Another Day In The Code Mines: Java

Showing posts with label Java. Show all posts

Monday, September 18, 2017

A short rant on XML - the Good, the Bad, and the Ugly

[editor's note: This blog post has been in "Drafts" for 11 years. In the spirit of just getting stuff out there, I'm publishing it basically as-is. Look for a follow-up blog post next week with some additional observations on structured data transfer from the 21st century]

So, let's see if I can keep myself to less than ten pages of text this time...

XML is the eXtensible Markup Language. It's closely related to both HTML, the markup language used to make the World Wide Web, and SGML, a document format that you've probably never dealt with unless you're either a government contractor, or you used the Internet back in the days before the Web. For the pedants out there, I do know that HTML is actually an SGML "application" and that XML is a proper subset of SGML. Let's not get caught up in the petty details at this point.

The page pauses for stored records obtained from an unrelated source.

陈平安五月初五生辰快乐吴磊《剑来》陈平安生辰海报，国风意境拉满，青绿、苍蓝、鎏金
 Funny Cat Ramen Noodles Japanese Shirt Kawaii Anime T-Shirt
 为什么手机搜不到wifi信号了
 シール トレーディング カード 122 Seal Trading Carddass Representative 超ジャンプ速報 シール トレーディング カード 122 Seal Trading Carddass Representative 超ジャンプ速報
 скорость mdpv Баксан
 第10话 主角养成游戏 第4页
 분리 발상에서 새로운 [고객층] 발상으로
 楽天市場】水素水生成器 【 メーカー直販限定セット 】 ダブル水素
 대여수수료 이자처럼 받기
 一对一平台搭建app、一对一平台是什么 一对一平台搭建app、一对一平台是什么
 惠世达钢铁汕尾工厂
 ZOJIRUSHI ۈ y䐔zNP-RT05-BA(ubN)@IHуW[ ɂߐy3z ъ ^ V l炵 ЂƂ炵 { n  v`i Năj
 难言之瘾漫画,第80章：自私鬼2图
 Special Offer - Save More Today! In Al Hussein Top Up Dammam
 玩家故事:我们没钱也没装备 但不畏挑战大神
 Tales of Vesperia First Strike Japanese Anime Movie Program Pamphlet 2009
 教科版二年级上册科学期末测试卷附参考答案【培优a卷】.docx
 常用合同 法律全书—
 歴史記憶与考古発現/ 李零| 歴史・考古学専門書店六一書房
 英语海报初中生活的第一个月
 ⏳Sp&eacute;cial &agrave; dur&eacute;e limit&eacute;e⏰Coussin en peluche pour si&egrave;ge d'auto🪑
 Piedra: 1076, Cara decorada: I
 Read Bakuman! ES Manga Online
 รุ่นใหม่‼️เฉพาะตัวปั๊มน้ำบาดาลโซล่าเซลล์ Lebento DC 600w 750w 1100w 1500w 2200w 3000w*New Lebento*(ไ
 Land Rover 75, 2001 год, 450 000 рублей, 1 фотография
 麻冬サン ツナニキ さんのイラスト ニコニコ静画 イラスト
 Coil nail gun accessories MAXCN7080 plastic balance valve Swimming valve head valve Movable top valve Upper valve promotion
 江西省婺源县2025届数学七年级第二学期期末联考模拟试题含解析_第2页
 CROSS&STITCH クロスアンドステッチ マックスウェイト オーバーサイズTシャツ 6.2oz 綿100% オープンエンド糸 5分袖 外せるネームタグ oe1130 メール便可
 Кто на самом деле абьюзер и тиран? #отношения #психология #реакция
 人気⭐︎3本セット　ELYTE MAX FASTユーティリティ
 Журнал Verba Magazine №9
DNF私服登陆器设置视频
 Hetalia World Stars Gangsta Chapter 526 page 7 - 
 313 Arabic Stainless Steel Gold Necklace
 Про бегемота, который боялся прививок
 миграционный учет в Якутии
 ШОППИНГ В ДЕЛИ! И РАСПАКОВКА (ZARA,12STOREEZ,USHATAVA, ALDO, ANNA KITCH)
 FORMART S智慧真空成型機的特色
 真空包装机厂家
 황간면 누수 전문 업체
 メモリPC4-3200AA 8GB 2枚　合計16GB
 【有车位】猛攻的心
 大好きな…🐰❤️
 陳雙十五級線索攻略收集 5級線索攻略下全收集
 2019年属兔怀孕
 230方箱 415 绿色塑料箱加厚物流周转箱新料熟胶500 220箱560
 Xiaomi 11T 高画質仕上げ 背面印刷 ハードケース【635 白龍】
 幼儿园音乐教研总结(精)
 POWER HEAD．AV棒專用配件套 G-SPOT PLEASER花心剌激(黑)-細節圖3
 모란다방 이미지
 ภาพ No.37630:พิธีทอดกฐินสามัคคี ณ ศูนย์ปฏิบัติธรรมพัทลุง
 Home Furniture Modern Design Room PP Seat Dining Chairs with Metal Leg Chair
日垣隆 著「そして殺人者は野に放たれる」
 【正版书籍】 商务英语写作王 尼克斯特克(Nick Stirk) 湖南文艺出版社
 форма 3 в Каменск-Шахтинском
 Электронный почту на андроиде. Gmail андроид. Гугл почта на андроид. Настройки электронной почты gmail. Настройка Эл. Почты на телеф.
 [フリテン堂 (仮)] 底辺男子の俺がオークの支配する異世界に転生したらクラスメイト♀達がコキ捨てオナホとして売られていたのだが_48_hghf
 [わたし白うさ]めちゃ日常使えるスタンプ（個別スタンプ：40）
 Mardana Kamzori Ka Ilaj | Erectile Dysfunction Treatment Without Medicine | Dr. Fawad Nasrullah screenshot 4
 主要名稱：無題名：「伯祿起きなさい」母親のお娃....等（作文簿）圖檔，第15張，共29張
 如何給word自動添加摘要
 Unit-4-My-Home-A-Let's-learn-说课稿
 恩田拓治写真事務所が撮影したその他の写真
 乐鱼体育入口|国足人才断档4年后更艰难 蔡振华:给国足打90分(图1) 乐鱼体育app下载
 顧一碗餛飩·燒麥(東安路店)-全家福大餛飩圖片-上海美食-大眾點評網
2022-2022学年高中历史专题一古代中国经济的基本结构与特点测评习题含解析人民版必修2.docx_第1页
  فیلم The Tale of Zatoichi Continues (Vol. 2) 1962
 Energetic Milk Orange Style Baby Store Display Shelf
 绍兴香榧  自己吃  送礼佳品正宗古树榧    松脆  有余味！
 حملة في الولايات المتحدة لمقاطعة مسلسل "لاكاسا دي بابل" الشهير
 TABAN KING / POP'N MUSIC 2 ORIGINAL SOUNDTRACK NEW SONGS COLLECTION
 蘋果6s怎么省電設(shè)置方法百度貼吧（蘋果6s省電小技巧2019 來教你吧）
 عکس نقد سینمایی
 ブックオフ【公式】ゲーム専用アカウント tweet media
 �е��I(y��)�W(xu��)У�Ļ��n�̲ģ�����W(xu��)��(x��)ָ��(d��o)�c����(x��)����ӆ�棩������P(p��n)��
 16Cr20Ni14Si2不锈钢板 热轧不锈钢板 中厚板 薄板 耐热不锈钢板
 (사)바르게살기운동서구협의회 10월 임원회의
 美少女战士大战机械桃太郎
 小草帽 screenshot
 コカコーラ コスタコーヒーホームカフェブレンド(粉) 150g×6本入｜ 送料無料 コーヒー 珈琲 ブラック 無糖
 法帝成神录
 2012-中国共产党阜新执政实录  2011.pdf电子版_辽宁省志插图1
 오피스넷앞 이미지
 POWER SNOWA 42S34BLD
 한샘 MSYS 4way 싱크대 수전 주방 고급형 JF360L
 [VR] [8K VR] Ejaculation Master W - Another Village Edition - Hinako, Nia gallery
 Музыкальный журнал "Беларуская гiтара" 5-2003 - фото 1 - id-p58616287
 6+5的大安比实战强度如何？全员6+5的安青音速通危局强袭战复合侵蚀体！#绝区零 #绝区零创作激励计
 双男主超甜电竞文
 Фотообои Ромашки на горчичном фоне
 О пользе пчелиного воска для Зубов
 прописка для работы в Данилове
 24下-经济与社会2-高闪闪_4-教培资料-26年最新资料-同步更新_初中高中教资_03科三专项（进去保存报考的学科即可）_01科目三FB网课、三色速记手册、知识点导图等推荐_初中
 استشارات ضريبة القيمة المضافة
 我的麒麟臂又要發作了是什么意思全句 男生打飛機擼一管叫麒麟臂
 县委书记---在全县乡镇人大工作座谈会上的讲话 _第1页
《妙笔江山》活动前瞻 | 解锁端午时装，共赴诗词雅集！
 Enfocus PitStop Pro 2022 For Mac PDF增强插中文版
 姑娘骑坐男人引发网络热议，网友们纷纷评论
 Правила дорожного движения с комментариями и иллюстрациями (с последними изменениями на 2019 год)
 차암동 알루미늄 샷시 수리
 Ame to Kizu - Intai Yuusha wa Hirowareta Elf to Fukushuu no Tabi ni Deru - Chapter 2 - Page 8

XML is used for a variety of different tasks these days, but the most common by far is as a kind of "neutral" format for exchanging structured data between different applications. To keep this short and simple, I'm going to look at XML strictly from the perspective of a data storage and interchange format.

The good

Unicode support

XML Documents can be encoded using the Unicode character encoding, which means that nearly any written character in any language can be easily represented in an XML document.

Uniform hierarchical structure

XML defines a simple tree structure for all the elements in a file - there's one root element, it has zero or more children, which each have zero or more children, ad infinitum. All elements must have an open and close tag, and elements can't overlap. This simple structure makes it relatively easy to parse XML documents.

Human-readable (more or less)

XML is a text format, so it's possible to read and edit an XML document "by hand" in a text editor. This is often useful when you're learning the format of an XML document in order to write a program to read or translate it. Actually writing or modifying XML documents in a text editor can be incredibly tedious, though a syntax-coloring editor makes it easier.

Widely supported

Modern languages like C# and Java have XML support "built in" in their standard libraries. Most other languages have well-supported free libraries for working with XML. Chances are, whatever messed up environment you have to work in, there's an XML reader/writer library available.

The bad

Legacy encoding support

XML Documents can also be encoded in whatever wacky character set your nasty legacy system uses. You can put a simple encoding="Ancient-Elbonian-EBCDIC" attribute in the XML declaration element, and you can write well-formed XML documents in your favorite character encoding. You probably shouldn't expect that anyone else will actually be able to read it, though.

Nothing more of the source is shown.